Some resources are transient in their nature, such as the Status. The service SHOULD provide a cache headers for the status where appropriate, for instance if it only checks the underlying server status every 5s, then the status resource should have a similar Expiry time set.
When the research object is in status Archived, then the cache headers SHOULD show a long expiration time for all resources.
The service MAY expire research objects from any state after a reasonable or configured period of time (like 48 hours). The service SHOULD respond 410 Gone for requests to an expired RO or any of its resources.
This specification does not specify the authentication mechanism for accessing the service or the underlying workflow system. It is envisioned that a system using OAuth 2.0 with common users on both the Workflow Runner API and the underlying workflow system would provide reasonable authentication measures.
The service SHOULD NOT expose workflow runs or its data that the authenticated user should not have access to.
This service, by its nature, allows execution of arbitrary workflows of the supported workflow system. Depending on the workflow system, this might give the client execution rights on the underlying workflow server, which might be used to expose the data of other users of the service, in addition to be a platform for further exploits.
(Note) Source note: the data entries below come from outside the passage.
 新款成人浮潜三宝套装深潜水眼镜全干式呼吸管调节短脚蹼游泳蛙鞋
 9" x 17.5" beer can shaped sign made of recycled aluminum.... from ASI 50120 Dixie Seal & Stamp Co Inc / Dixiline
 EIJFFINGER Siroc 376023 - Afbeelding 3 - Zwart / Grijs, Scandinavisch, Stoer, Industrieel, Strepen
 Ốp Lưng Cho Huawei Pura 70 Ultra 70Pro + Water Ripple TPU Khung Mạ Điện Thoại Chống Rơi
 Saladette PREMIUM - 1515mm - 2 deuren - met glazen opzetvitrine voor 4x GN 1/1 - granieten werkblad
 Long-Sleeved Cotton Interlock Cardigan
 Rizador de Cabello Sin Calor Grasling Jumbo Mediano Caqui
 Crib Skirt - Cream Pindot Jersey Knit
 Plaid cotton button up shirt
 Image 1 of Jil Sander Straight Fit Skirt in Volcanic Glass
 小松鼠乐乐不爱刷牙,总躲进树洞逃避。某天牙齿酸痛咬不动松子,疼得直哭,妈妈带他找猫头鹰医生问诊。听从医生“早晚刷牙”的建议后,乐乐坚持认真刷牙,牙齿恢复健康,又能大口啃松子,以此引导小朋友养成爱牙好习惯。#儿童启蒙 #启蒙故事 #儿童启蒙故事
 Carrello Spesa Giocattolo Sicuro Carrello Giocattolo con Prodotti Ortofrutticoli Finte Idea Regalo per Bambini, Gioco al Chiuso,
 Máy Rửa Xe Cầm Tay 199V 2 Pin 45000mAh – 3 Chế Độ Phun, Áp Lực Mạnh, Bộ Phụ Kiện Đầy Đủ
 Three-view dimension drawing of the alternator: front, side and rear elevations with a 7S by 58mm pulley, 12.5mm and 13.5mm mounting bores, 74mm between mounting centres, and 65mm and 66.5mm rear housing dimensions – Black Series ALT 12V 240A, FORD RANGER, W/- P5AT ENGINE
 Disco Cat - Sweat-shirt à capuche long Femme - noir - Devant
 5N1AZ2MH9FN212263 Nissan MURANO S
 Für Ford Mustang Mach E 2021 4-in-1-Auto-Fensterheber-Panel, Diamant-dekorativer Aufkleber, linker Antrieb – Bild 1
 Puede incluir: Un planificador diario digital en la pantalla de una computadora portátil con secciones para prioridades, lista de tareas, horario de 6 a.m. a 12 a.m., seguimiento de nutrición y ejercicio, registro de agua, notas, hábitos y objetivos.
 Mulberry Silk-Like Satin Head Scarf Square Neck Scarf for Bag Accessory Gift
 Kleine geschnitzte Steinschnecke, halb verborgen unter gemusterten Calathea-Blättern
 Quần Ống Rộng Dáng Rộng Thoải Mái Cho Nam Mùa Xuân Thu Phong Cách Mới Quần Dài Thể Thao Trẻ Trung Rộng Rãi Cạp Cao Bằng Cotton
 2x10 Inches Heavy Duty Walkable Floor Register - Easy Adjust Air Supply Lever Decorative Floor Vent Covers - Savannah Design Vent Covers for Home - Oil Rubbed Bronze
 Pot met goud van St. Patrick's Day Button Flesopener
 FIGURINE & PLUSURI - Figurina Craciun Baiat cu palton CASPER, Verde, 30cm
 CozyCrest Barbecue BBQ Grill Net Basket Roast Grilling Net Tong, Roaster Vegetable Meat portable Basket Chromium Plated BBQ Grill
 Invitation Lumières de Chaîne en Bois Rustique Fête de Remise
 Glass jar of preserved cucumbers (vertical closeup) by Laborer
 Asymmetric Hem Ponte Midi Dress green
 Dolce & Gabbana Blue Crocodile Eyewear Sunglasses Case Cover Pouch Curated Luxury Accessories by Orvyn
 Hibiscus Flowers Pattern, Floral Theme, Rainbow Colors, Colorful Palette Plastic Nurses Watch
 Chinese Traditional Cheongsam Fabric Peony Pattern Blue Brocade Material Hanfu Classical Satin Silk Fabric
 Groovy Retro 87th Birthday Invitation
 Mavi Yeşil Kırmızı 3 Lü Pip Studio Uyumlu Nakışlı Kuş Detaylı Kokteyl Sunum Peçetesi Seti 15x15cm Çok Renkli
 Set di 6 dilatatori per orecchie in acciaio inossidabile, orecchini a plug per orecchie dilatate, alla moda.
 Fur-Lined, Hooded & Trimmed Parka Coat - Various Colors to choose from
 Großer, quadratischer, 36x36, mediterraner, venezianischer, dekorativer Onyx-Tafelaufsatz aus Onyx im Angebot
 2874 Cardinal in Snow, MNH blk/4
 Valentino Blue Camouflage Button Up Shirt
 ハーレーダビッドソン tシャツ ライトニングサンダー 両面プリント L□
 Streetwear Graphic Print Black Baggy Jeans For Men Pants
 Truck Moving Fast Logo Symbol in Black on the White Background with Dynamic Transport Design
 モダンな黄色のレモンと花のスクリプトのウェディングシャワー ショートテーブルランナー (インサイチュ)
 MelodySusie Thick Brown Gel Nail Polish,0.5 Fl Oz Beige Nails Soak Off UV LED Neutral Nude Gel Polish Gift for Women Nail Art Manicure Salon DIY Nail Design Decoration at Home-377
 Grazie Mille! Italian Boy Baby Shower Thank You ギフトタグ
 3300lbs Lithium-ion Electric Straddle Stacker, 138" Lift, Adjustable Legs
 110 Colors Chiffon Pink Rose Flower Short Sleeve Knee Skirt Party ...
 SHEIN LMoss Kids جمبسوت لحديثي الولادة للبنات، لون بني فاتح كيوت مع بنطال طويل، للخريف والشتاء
This service might allows uploading of arbitrary data as workflows, workflow inputs and files in a working directory, which could be used by attackers for hosting unwanted content such as spam links and pornographic content. Even pre-approved workflows might in some cases be the subject of abuse if the service allows execution with arbitrary content, for instance to cause out of memory exceptions or SQL injections.
Implementations should ensure that the underlying workflow server is subject to additional security constraints, such as firewalls, user isolation (sudo) and use of virtual machines with snapshot rollback. Implementations should prevent workflow executions access to any security tokens needed by the Workflow Runner Service, for instance to prevent an malign workflow from submitting additional workflow runs.
This service should preferably only allow execution by a pre-approved list of accountable users, ie. users who could otherwise be given direct execution rights on the underlying execution platform, although it may allow unauthenticated execution on third-party workflow systems which authentication details are provided by the client. It is outside the scope of this specification how to provide these details to the service.
The first implementation of this service will interface the Taverna Server using its REST API and will be made available on the Wf4Ever sandbox.